Deshalb stößt er hart hervor: »Nun, was ist, Josèph? – So nennen wir dich, weil dein Vater dich einst taufen ließ. Aber gewiss wurdest du kein Christ, sondern bist ein Wilder geblieben. Was ist also, Josèph?«

Dieser richtet seinen Blick nun auf Colonel Sturges, der bisher schweigend dabei gesessen hat und dem man unschwer sein Unbehagen ansehen kann.

Doch er hat nichts zu sagen. Er wurde nur zum Schutz des Regierungsbeauftragten befohlen mit einer Schwadron, obwohl er sonst ein ganzes Regiment befehligt.

Und er hält dem Blick des Häuptlings stand.

Rollender Donner fragt ganz ruhig: »Werden Sie das Fort bauen und dann der Kommandant sein?«

»Wahrscheinlich, Häuptling.«

»Und Sie werden den Vertrag nicht brechen?«

»Ich bin Soldat und führe Befehle aus.
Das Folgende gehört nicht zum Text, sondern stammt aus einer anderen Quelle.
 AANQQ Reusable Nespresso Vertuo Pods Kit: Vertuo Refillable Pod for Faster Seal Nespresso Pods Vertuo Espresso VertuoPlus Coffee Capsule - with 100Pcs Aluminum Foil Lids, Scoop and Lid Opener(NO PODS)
Ich kann keine andere Antwort geben, Häuptling.«

Rollender Donner nickt. »Also müssen wir es ausprobieren, Colonel. Ich will mit meinem Volk in Frieden leben und will alles versuchen. Wenn ich mich mit meinen Unterhäuptlingen beraten habe in einer Ratsversammlung, dann werden wir den Vertrag unterschreiben.«

Er hat nun alles gesagt und erhebt sich.

Alle erheben sich und stehen sich noch einige Atemzüge lang schweigend gegenüber.

John Henderson will lospoltern mit drohender Arroganz. Doch der Colonel sagt hart: »Gehen wir, Mister Henderson. Verdammt, gehen wir! Schlagen wir ein Camp auf, wenigstens eine halbe Meile weit von diesem Dorf entfernt.«

Er nickt Rollender Donner zu und geht davon.

Henderson folgt ihm etwas verwirrt und unsicher.

Nur Slater bleibt noch zurück. Er sieht Rollender Donner an und spricht ruhig: »Ich konnte nichts für euch tun. – Aber ich reite nun wieder meiner Wege. Denn wie ihr Nimipu bin ich ein Sohn dieses Landes. Es ist meine Heimat, und ich werde niemals gegen euch sein.«

Schon am nächsten Tag trennt sich Jim Slater von der kleinen Truppe mit den Worten: »Mein Job für die Regierung ist hiermit beendet. Ich komme nicht mehr nach Fort Shaw zurück. Mister Henderson, ich möchte Ihnen und der Regierung nur noch einen Rat geben. Halten Sie den Vertrag. Sonst bekommen Sie mehr Ärger, als Sie sich vorstellen können. Denn ich denke, dass Sie Rollender Donner unterschätzen, gewaltig unterschätzen. Wenn Sie ihn betrügen – also den Vertrag nicht einhalten –, dann zahlen Sie einen hohen Preis.«

»Das lassen Sie unsere Sorge sein«, bellt Henderson giftig zurück.

Da erwidert Slater nichts mehr, sondern reitet nach Norden zu davon.

Denn dort im Norden in den Bergen, da hat er seine Jagdhütte hoch oben in einem Tal, dessen See voller Biber ist.

Und es wird Zeit, sich auf die Winterjagd vorzubereiten.

Es ist später Sommer, so genannter Indianersommer.

Wahrscheinlich wird er einige Monate sehr einsam sein.